:: Assignment ::
Leave the pictures out and quote only the lines from the one with "microbiology Are acidfast" down to the end of the listing below.

:: Data for analysis ::
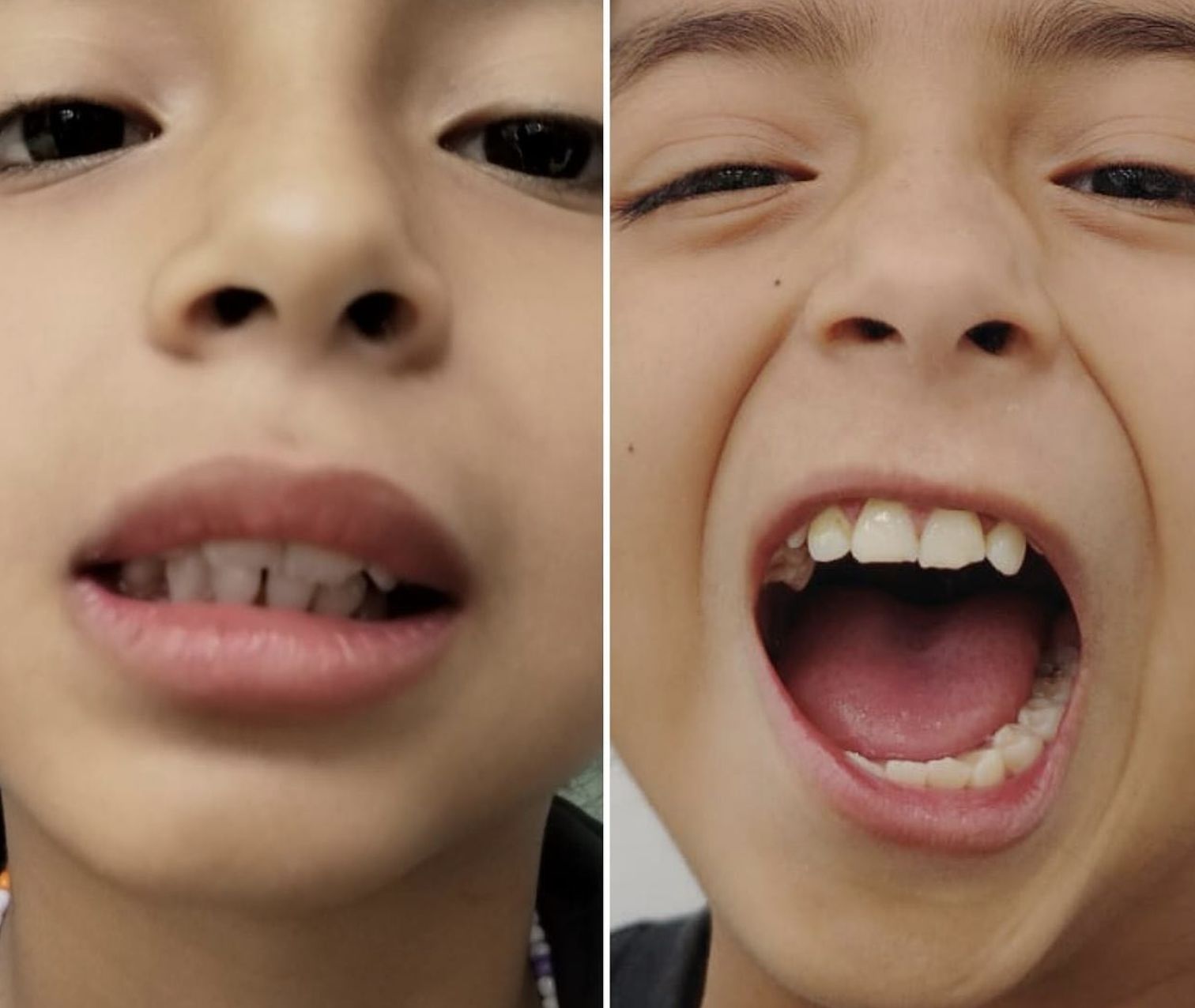 9 Year Old with TMJ Ankylosis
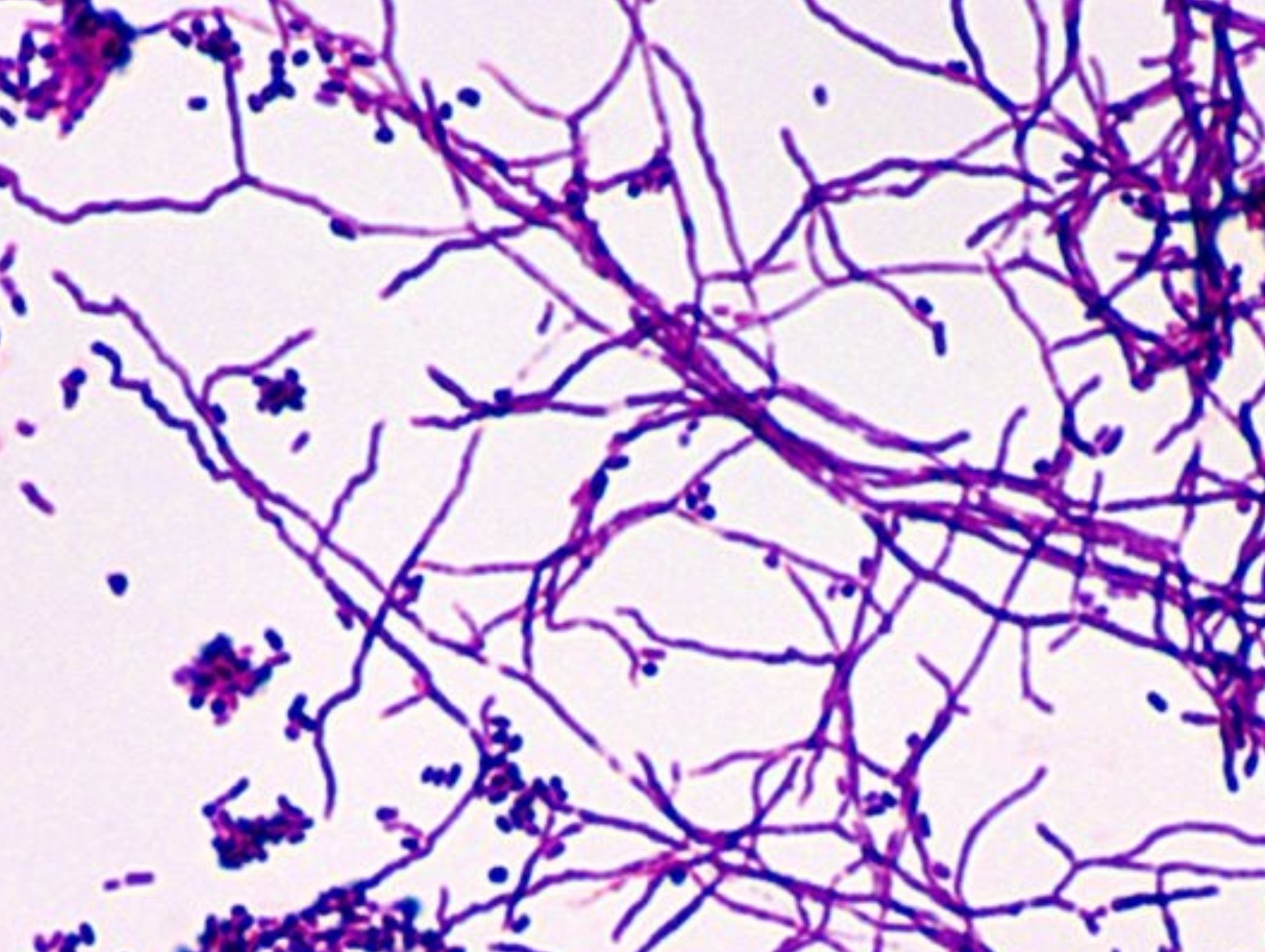 microbiology Are acidfast bacteria Grampositive or
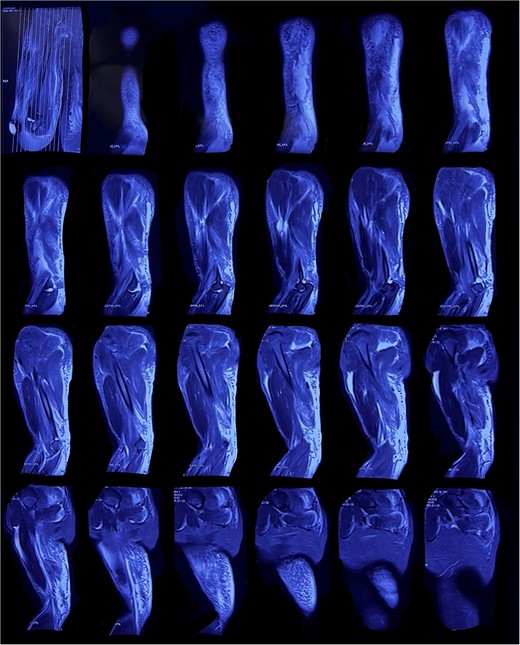 Left arm magnetic resonance imaging with evidence of a triceps tendon rupture.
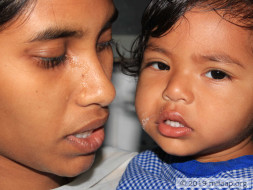 Rishvitha needs your help to undergo her treatment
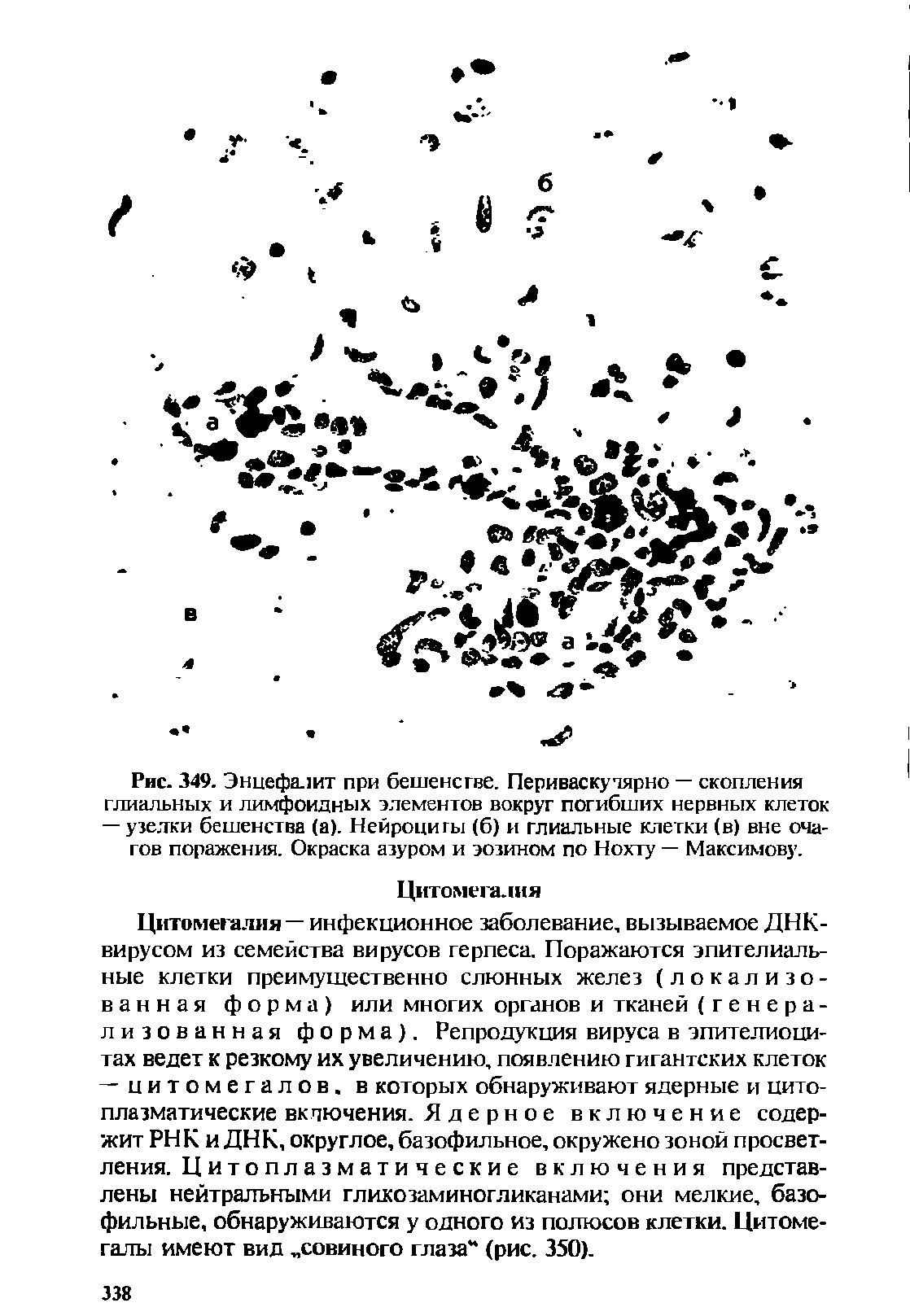 Рис. 349. Энцефалит при бешенстве. Периваскучярно — скопления глиальных и лимфоидных элементов вокруг погибших нервных клеток...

:: Result of the task ::
 microbiology Are acidfast bacteria Grampositive or
 Left arm magnetic resonance imaging with evidence of a triceps tendon rupture.
 Rishvitha needs your help to undergo her treatment
 Рис. 349. Энцефалит при бешенстве. Периваскучярно — скопления глиальных и лимфоидных элементов вокруг погибших нервных клеток...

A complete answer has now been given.